Poteat wrote how missions were conducted by crews consisting of a CIA team, an NSA team, and a military support team. In at least some instances, "balloon-borne metalized spheres" were released in coordination with the false paints, thoroughly confusing enemy pilots.

We might want to keep such circumstances in mind when we read and hear about radar-supported UFO cases, particularly those involving seemingly incredible flight maneuvers. We might also want to keep them in mind before relieving Uncle Sam of any responsibility in trolling the UFO community. At the least, it seems reasonable to consider such projects in the context of human deception and UFOs. We could go on, but let's get back to Carrion's work.    

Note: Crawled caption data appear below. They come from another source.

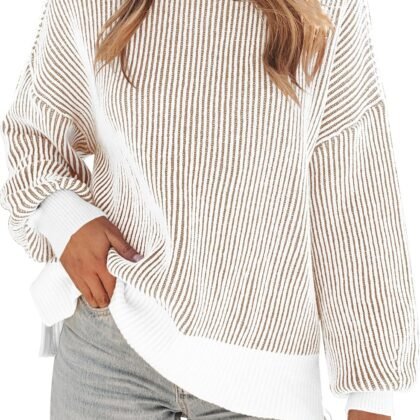 Womens Sweaters Fall 2025 Clothes Oversized Long Sleeve Colorblock Striped Knit Pullover Tops Casual Winter Trendy Outfits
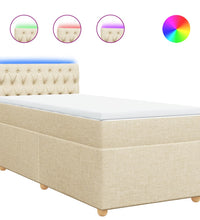 Boxspringbett mit Matratze Creme 90x190 cm Stoff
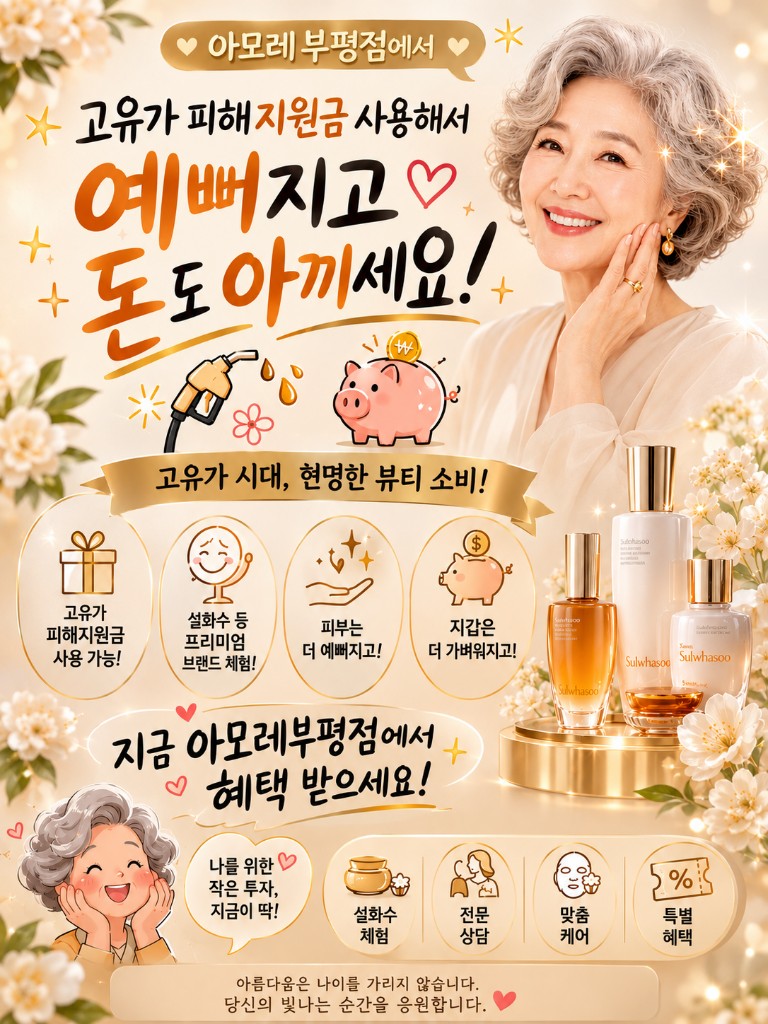 고유가 피해지원금 사용 아모레 부평점 프로모션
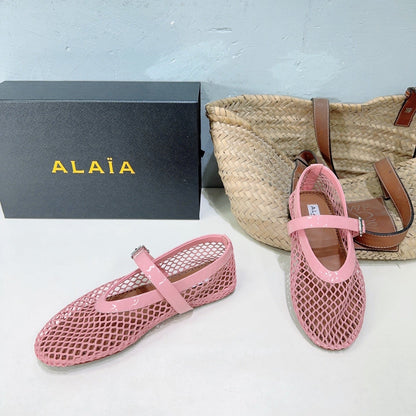 Alaia 25 Laminated Fishnet Ballet Flats Pink Lambskin 241053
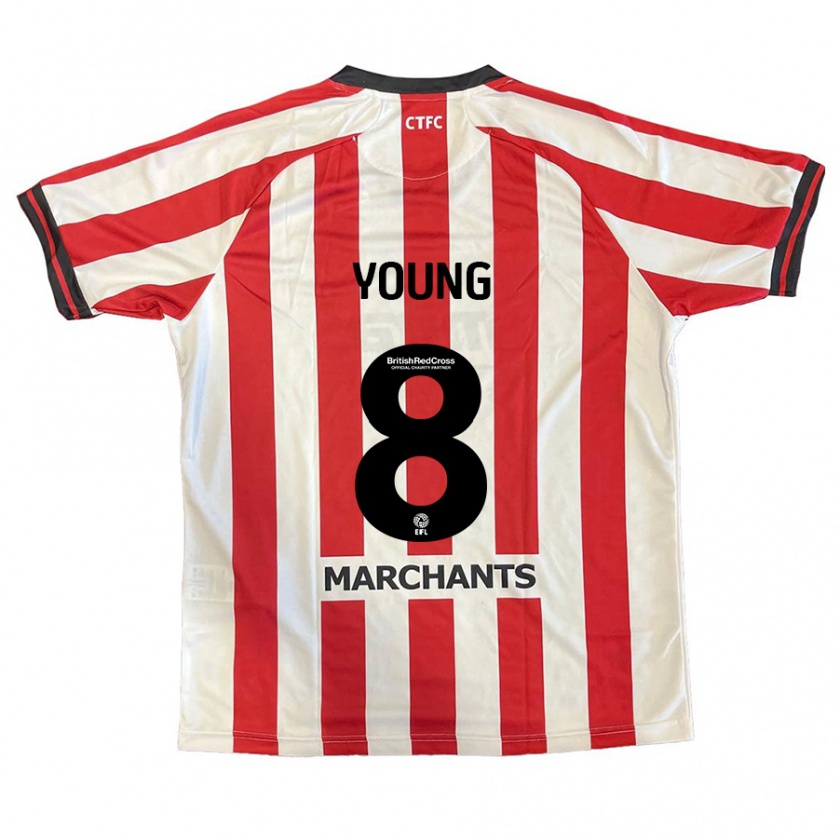 Kandiny Niño Camiseta Luke Young #8 Rojo Blanco 1ª Equipación 2024/25 La Camisa Chile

Interesting as they may be, nothing about the two examples offered above necessarily have anything to do with what James Carrion researches. I fully concede that to be the case. I offer them solely as instances of why I feel research is justified into the likelihood the UFO topic has been exploited by intelligence agencies. 

However, what happened somewhere else, during a different era, or [insert your personal story or favorite UFO case here] have nothing to do with research of other specific events. What happened to somebody in Phoenix in the 1990's or John Keel in Point Pleasant in the 1960's doesn't necessarily have anything at all to do with Roswell.   

The arguments that all UFOs can't be deceptions are common, although the premise has nothing whatsoever to do with studying any given specific circumstance or limited chain of events, such as took place in 1946-47. It is simply not a reasonable response to the issue. The fact some apples are red doesn't mean there are no green or yellow ones. 

There are many different explanations for the many different UFO cases, whatever those explanations may prove to be. I say let's explore them. Maybe they can't all be deceptions, but I'd still like to know which ones can.

Speaking of examples that justify research into deception planners/Mirage Men, here's one more. After World War II there was a classified weapons research and development project. It was discontinued, but was misrepresented to be ongoing and consisting of an airborne weapon more powerful than the atomic bomb. It wasn't, and in at least one instance, a newspaper carried the disinfo story right on the same page as an article about the Kenneth Arnold sighting. 

A hat tip goes to James Carrion for that one. Those of us who have read Anachronism know all about it - and there's more. You really should read it if you're interested or want to intelligently question James Carrion's findings.

I look forward to ongoing work from Carrion and like-minded researchers, and I hope others such as Sparks and Sheaffer will continue to inquire further. I advocate a willingness to reasonably consider what's presented, and a willingness to follow it through to completion, wherever it may lead.